Problem: Use the continuity's theorem for to solve this problem: Let $X_{1},X_{2}, \overset{i.i.d}{\sim}\textbf{Poisson}(\lambda)$.Also, let $S_{n}=\sum_{i=1}^{n}X_{i}$. Prove that $$\frac{S_{n}}{n}\overset{D}{\to}\lambda$$
My attempt: I know that result is inmediate of the Weak Law of Large Numbers (WLLN), by I need to use the continuity's theorem.
Now, I know that the continuity'theorem statement that: $$F_{X_{n}}\overset{D}{\to} F_{X}(x) \iff M_{X_{n}}(t) \to M_{X}(t) \quad \text{as} \quad n\to \infty$$ where $F_{X}(x)$ is the CDF and $M_{X}(t)$ is the generating moment function.

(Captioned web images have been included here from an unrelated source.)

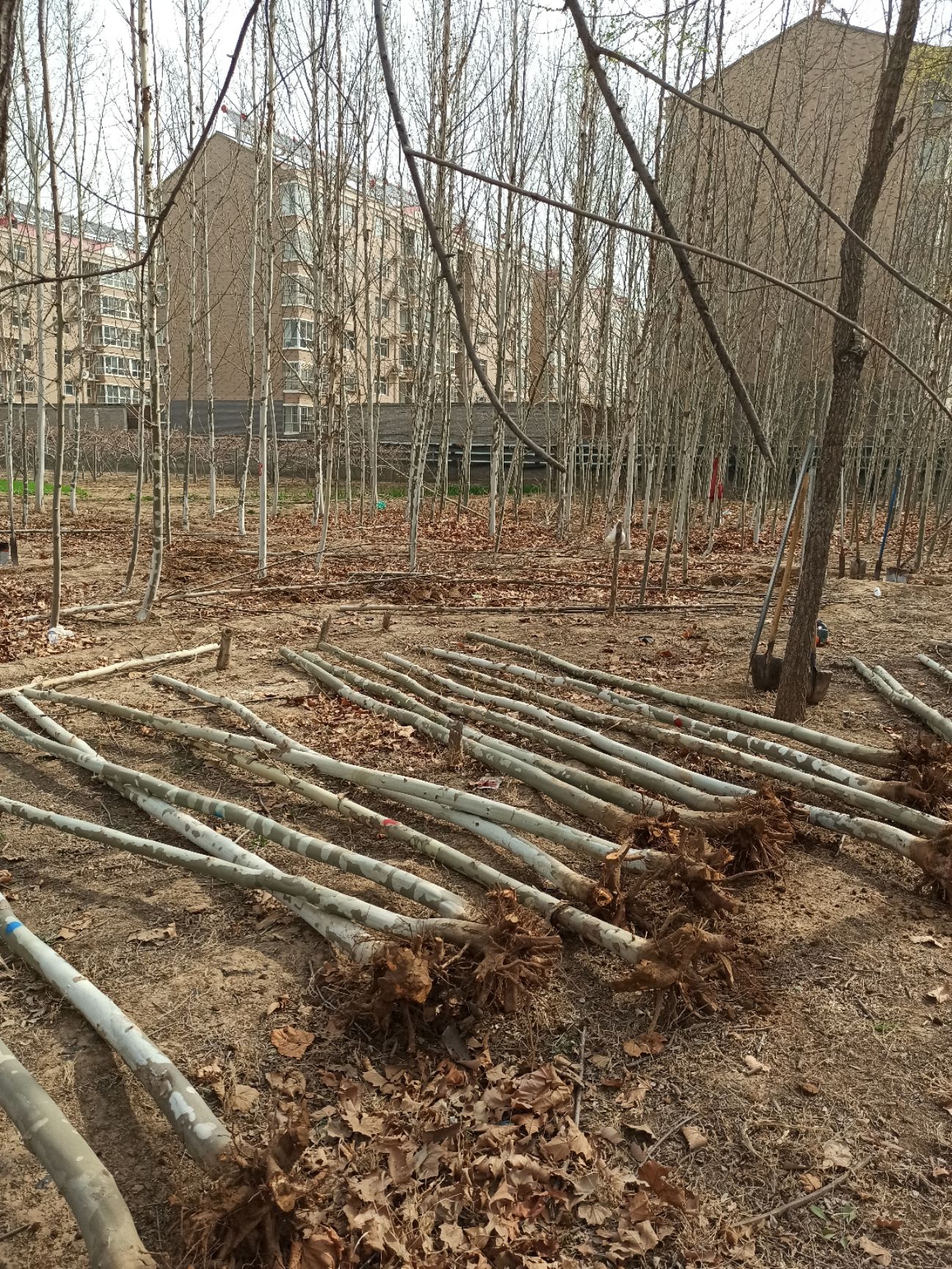 法国梧桐  5公分法桐6公分法桐8公分法桐10公分法桐4-5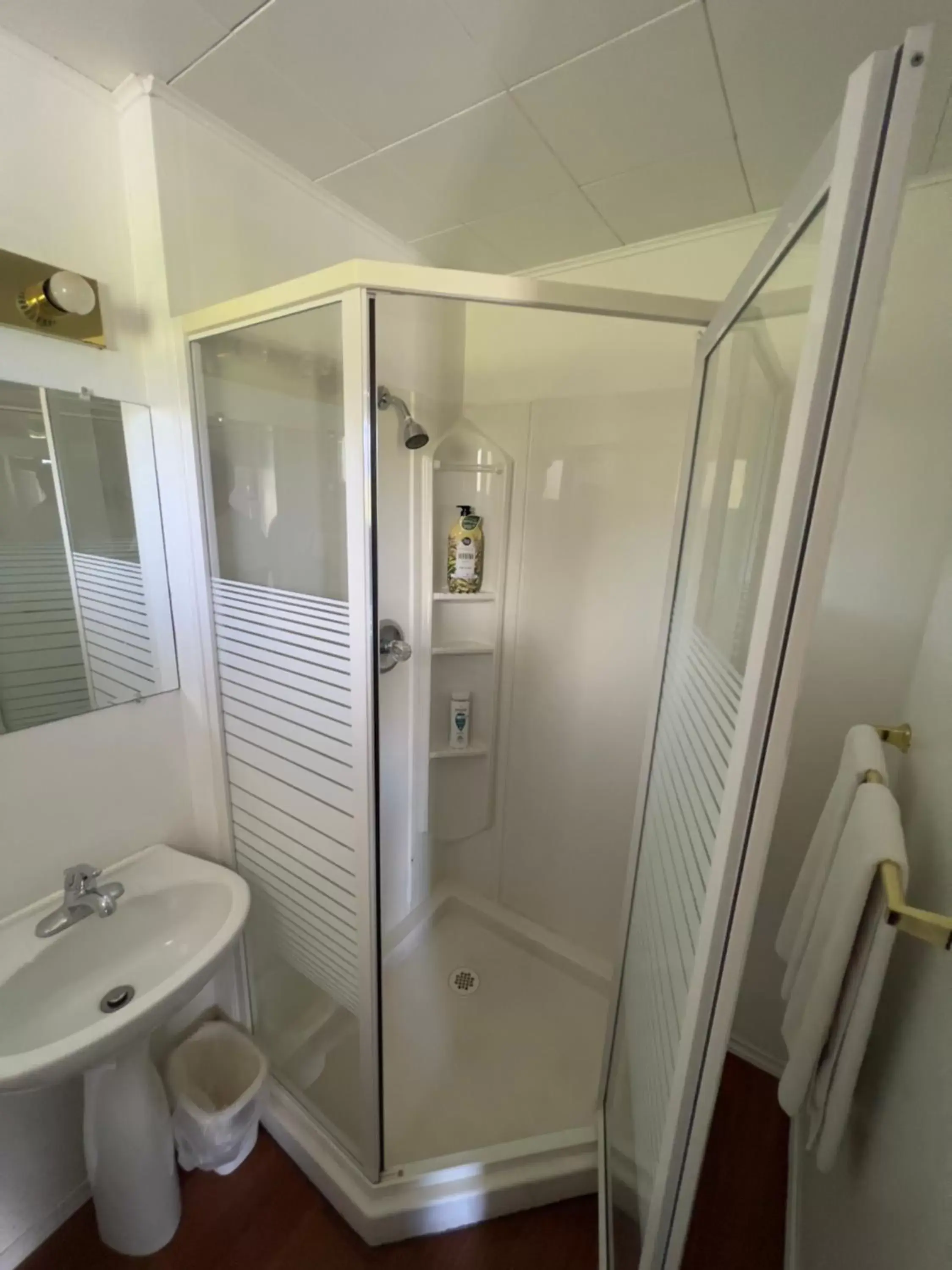 Shower, Bathroom in Monashee Motel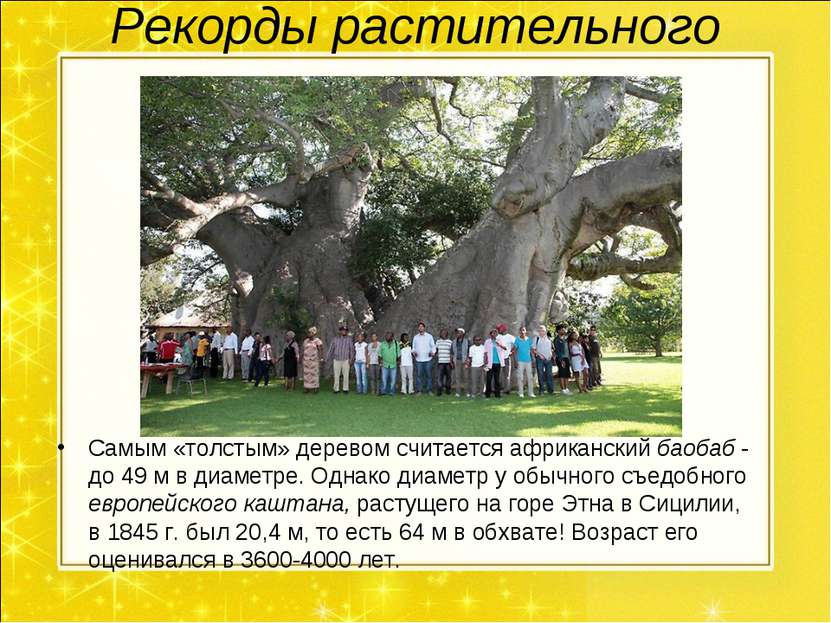 Рекорды растительного мира. Самым «толстым» деревом считается африканский бао...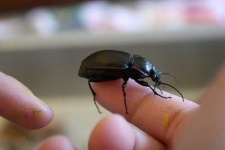 image of ground_beetle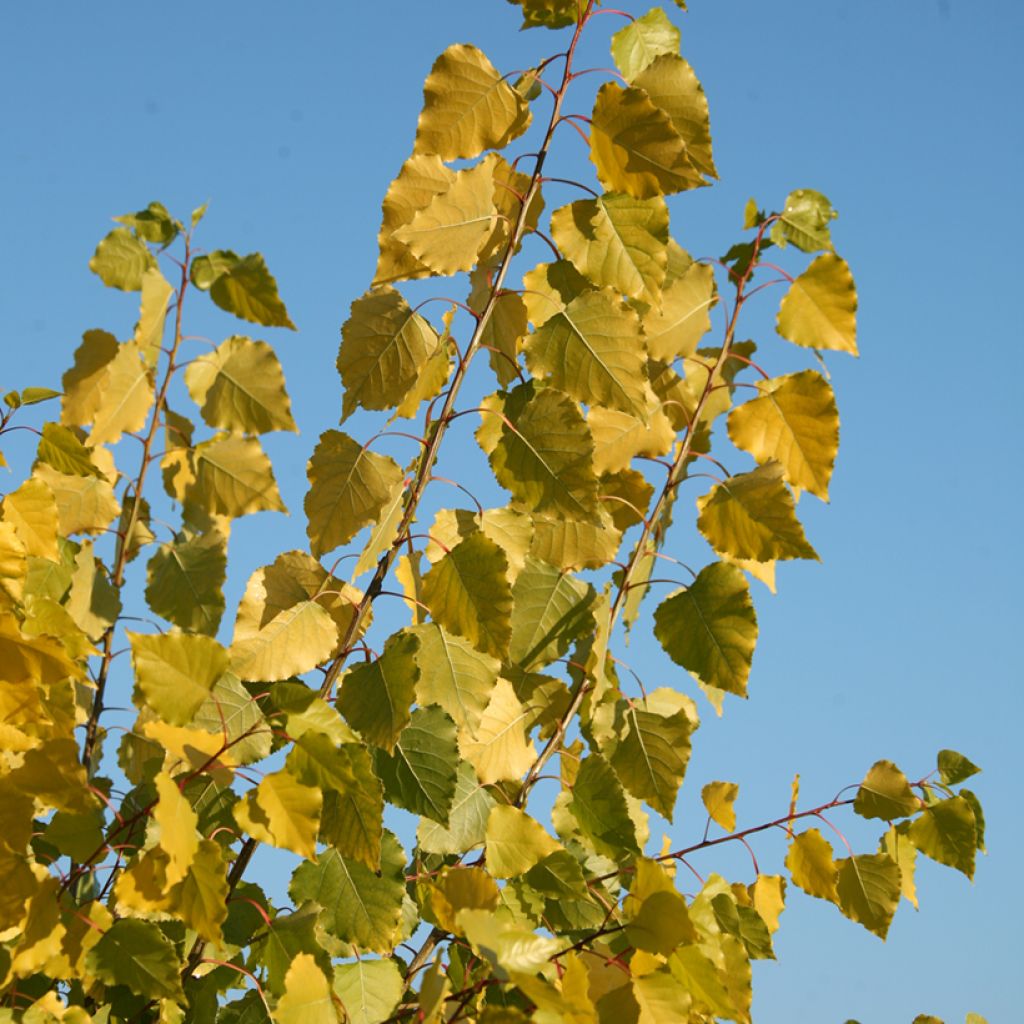 Kanadanpoppeli Serotina Aurea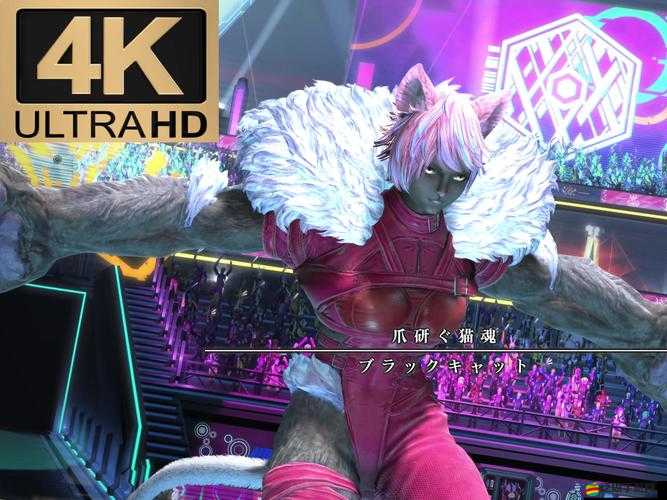 最終幻想零式OL英雄陣容怎樣搭配才最強？搭配攻略揭秘！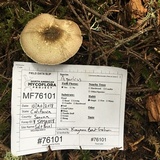 Agaricus californicus image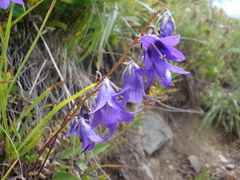 Campanula collina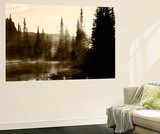 Sunbeam and Trees Reflecting in Lake  Mount Rainier National Park  Washington  USA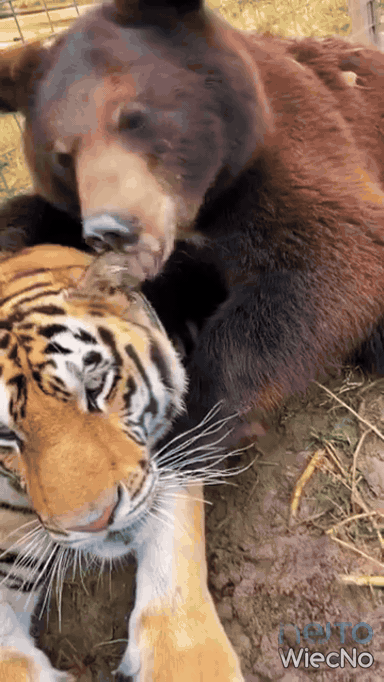 5a7c63e5-4221-4359-9bc8-2b1a7cc0b9c7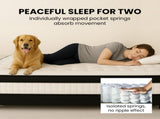 KINGSTON SLUMBER RelaxMax 31cm King Single Mattress, Medium, Euro Top, 5-Zone, Pocket Spring, V219-BEDMATKSST2A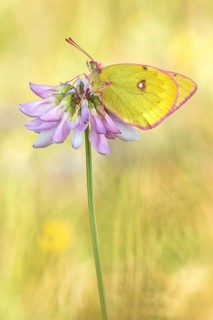 Der Alpen-Gelbling (Colias phicomone) auch Grünlicher Heufalter genannt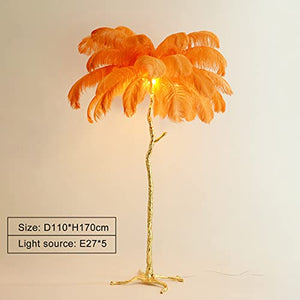 YAsao Ostrich Natural Feather LED Floor Lamp (Orange, 170CM)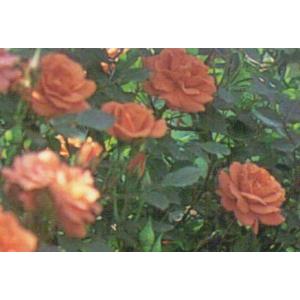 ミニバラ　’テディベアー’　5号鉢植え　四季咲き　バラ苗（挿木苗）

But, \begin{eqnarray*} M_{Z_{n}}(t)=\mathbb{E}[e^{tZ_{n}}]=\mathbb{E}[e^{tS_{n}/n}]=\mathbb{E}[e^{\frac{tS_{n}}{n}}]=[\mathbb{E}[e^{tX}]]^{n}=[e^{\lambda(e^{t}-1)}]^{n} \end{eqnarray*}
But, I don't know how I would to conclude, because $\displaystyle \lim_{n \to \infty}M_{Z_{n}}(t)\not=\lambda$
What is the mystake? What am I not understanding well?
You are missing a $\frac{t}{n}$ instead of $t$ in the expectation: $M_{Z_n}(t) = \big[\mathbb{E}\big(e^{\frac{t}{n}X}\big)\big]^n = \big[e^{\lambda (e^{\frac{t}{n}}-1)}\big]^n$.
Since $n(e^{\frac{t}{n}}-1) \to t$, you get $M_{Z_n}(t) \to e^{\lambda t}$.
Since the MGF of the constant variable $\lambda$ is $t \mapsto e^{\lambda t}$, $Z_n$ converges in distribution to $\lambda$.